**Assignment**
Output the lines of the listing below exactly, starting at the line containing "Stylish Cute Print" and stopping after the last line, with any pictures dropped.
====== Provided data ======
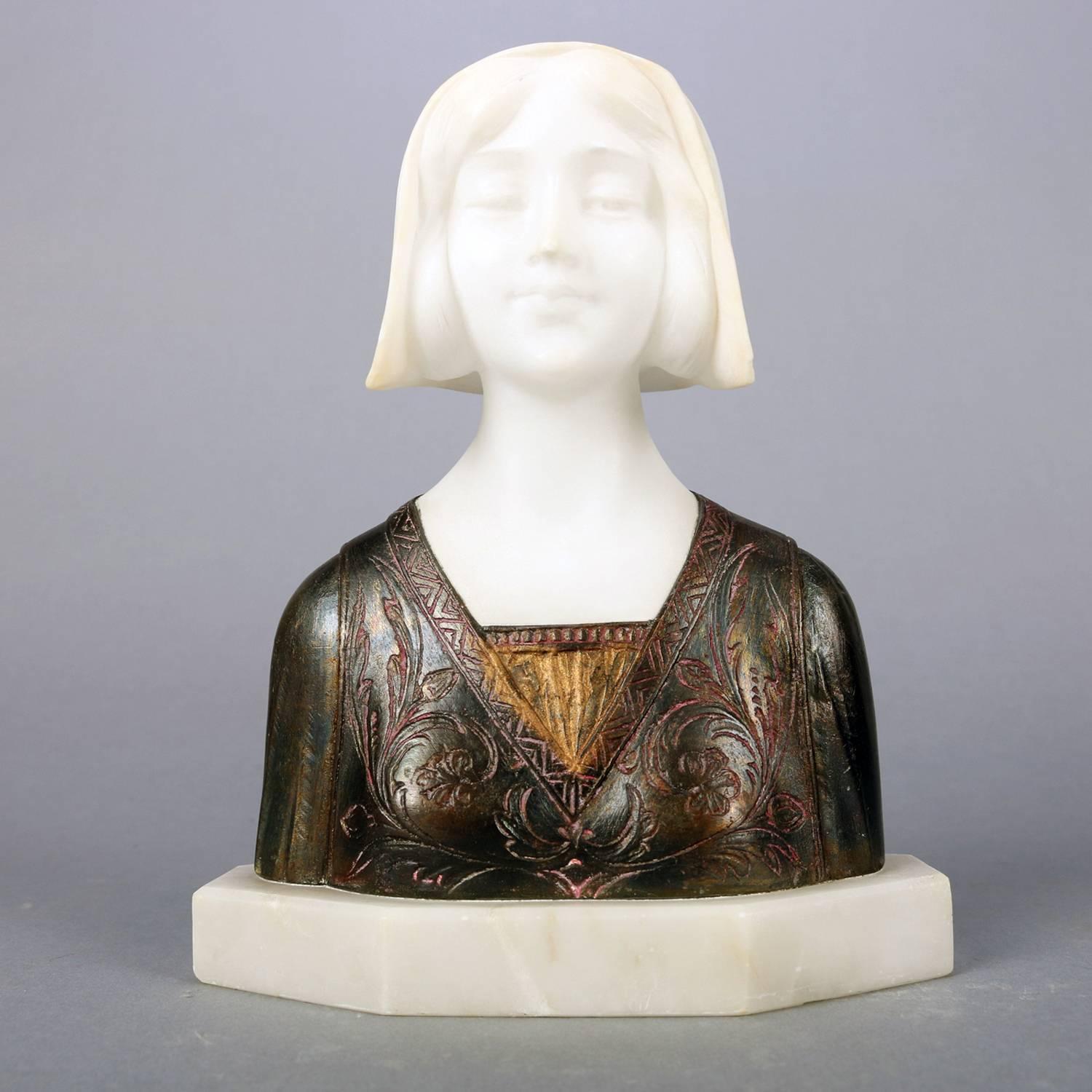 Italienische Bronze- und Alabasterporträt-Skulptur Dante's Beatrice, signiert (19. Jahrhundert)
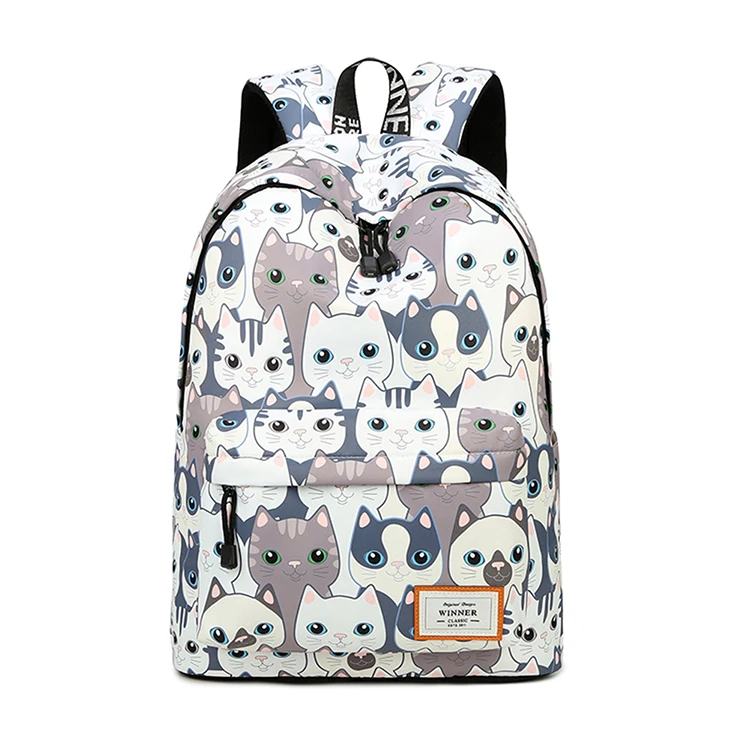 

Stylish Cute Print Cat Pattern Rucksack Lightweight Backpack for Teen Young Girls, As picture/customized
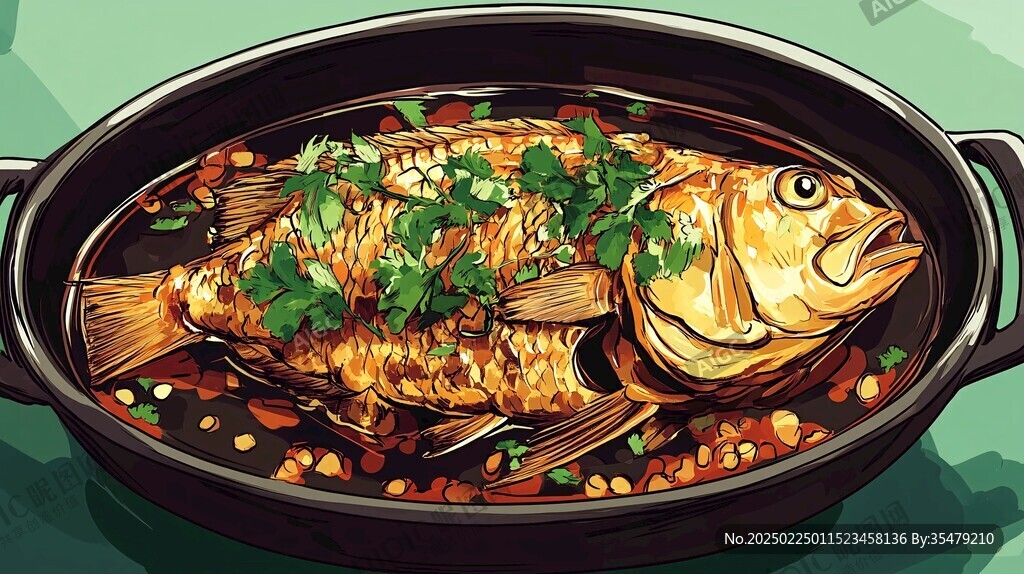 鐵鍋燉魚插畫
======
**Output of the exercise**
Stylish Cute Print Cat Pattern Rucksack Lightweight Backpack for Teen Young Girls, As picture/customized
 鐵鍋燉魚插畫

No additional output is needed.